** Records **
------------------------------

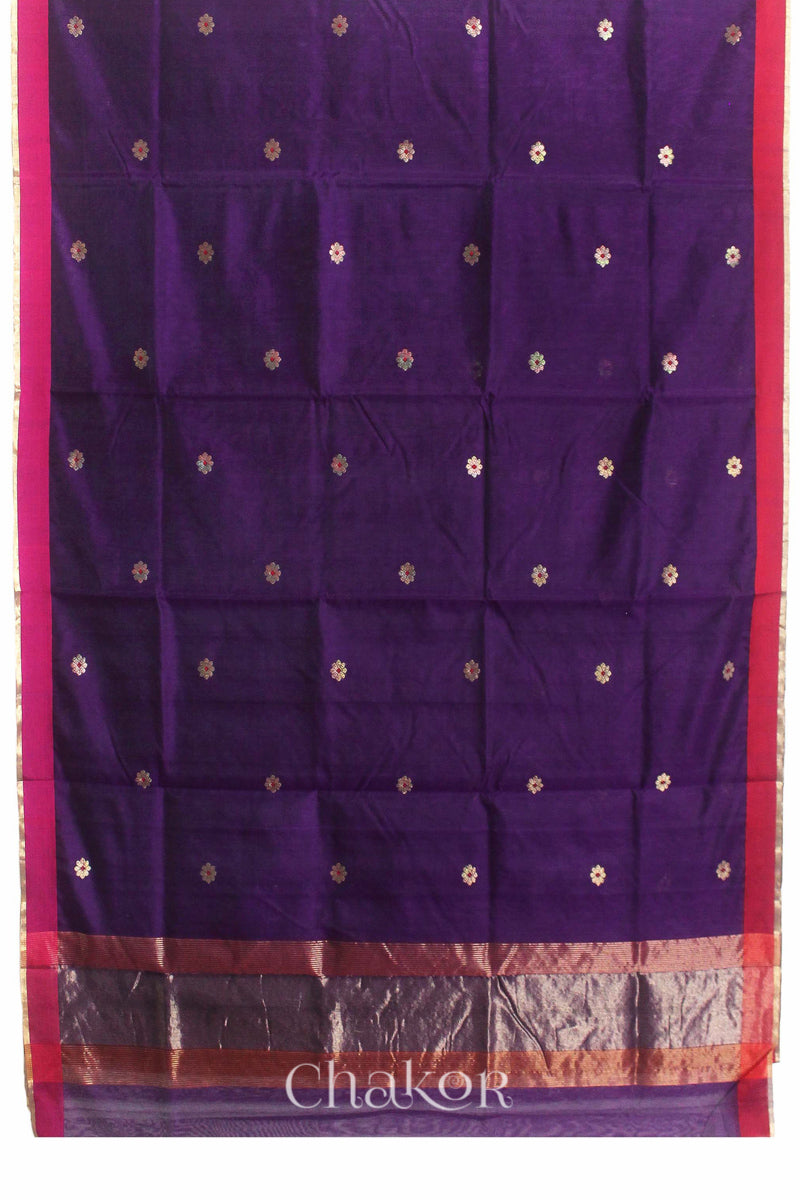 Flatshot of Wine Chanderi silk cotton saree showing phool butti motifs and contrasting borders.
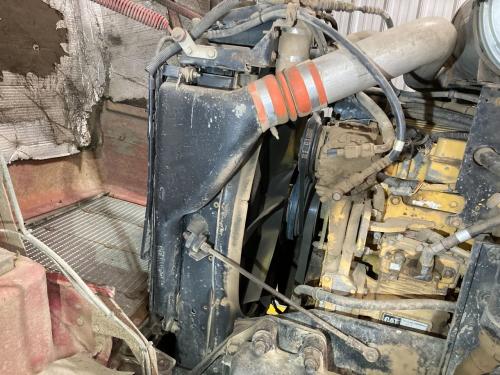 2000 Kenworth T800 Cooling Assembly. (Rad., Cond., Ataac)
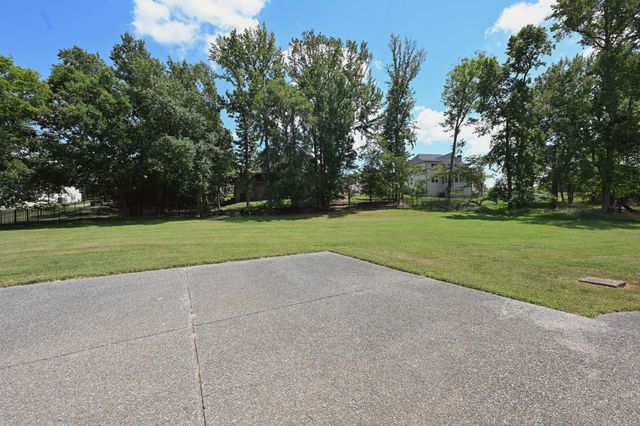 210 The Hollows Ct, Hendersonville, TN 37075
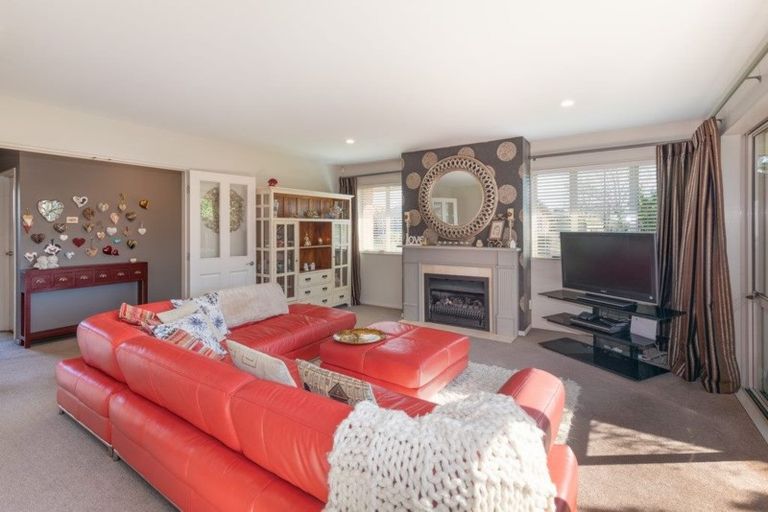 Photo of property in 1 Coppinger Terrace, Aidanfield, Christchurch, 8025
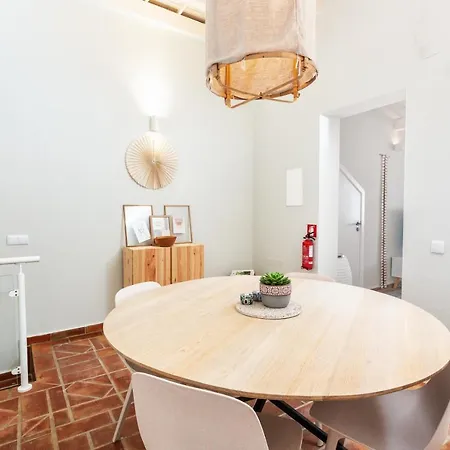 Privilege Casa Perto Do Mar With Rooftop Jacuzzi, Holiday home Olhao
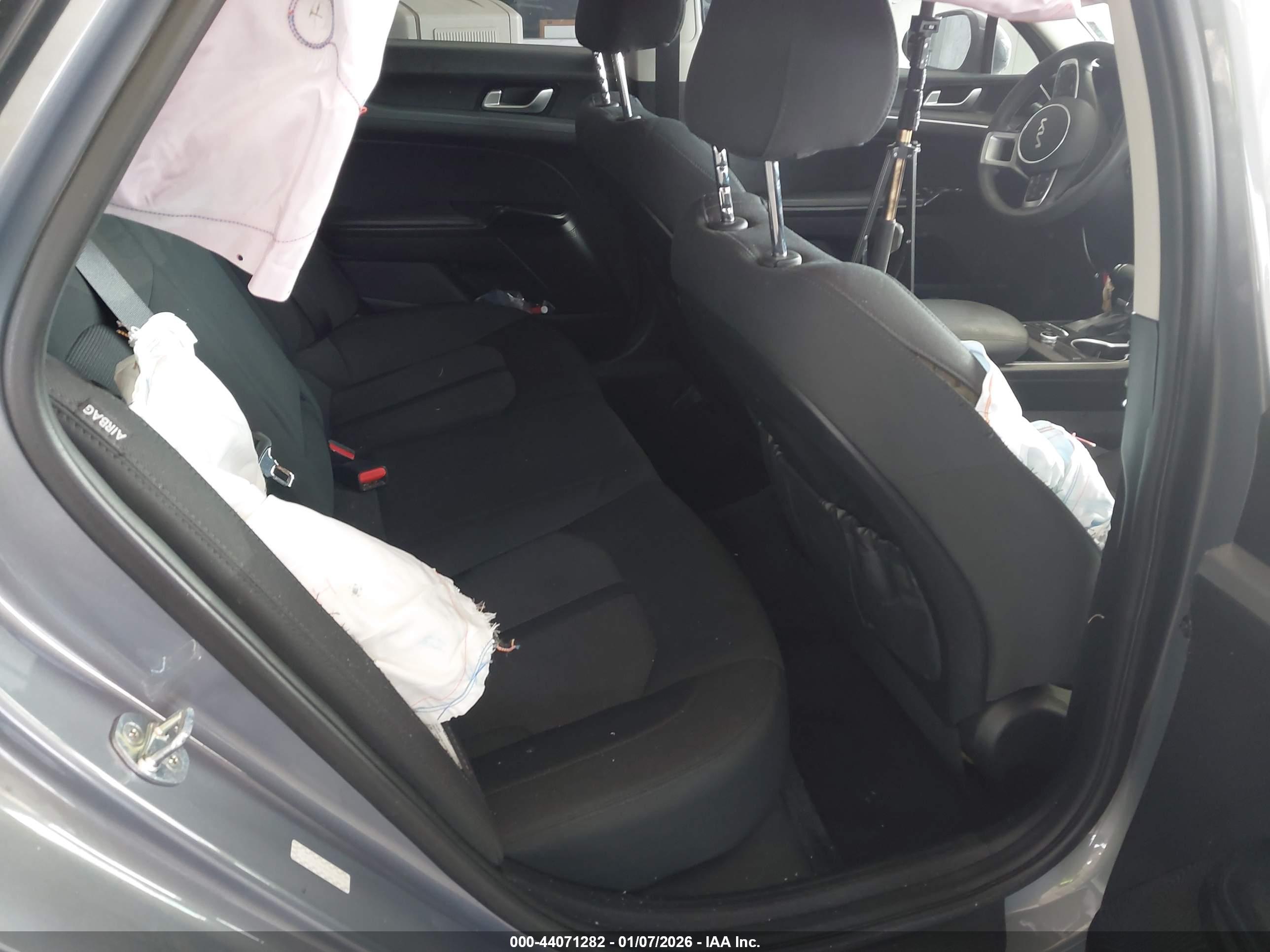 KIA K5 image 8
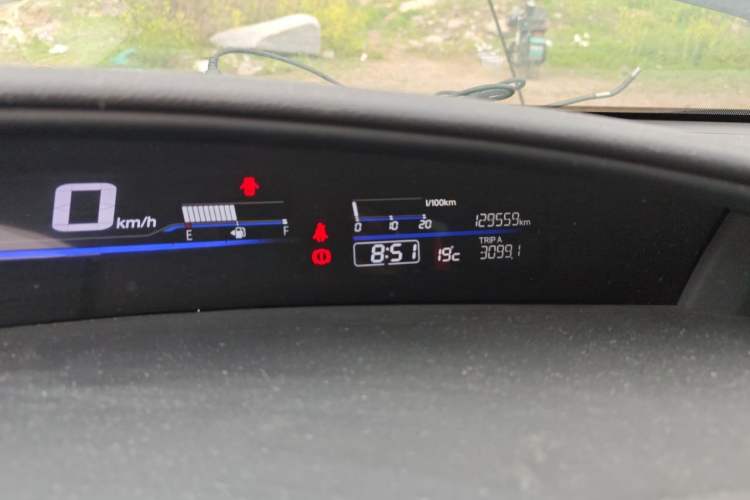 Used Honda Jade 2013 1.8L automatic Comfort version 5 seats Odometer Close Up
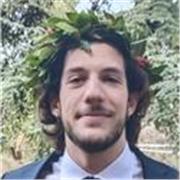 Insegnate Laureato impartisce lezioni di Matematica a più livelli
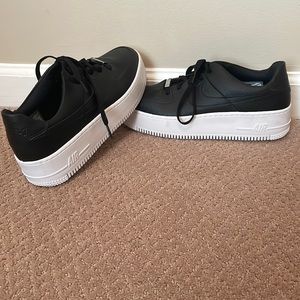 NIKE AIR FORCE 1 ‘Sage low’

------------------------------

** Task requirements **
Everything in the entries must come back exactly, except the pictures.

** Answer **
 Flatshot of Wine Chanderi silk cotton saree showing phool butti motifs and contrasting borders.
 2000 Kenworth T800 Cooling Assembly. (Rad., Cond., Ataac)
 210 The Hollows Ct, Hendersonville, TN 37075
 Photo of property in 1 Coppinger Terrace, Aidanfield, Christchurch, 8025
 Privilege Casa Perto Do Mar With Rooftop Jacuzzi, Holiday home Olhao
 KIA K5 image 8
 Used Honda Jade 2013 1.8L automatic Comfort version 5 seats Odometer Close Up
 Insegnate Laureato impartisce lezioni di Matematica a più livelli
 NIKE AIR FORCE 1 ‘Sage low’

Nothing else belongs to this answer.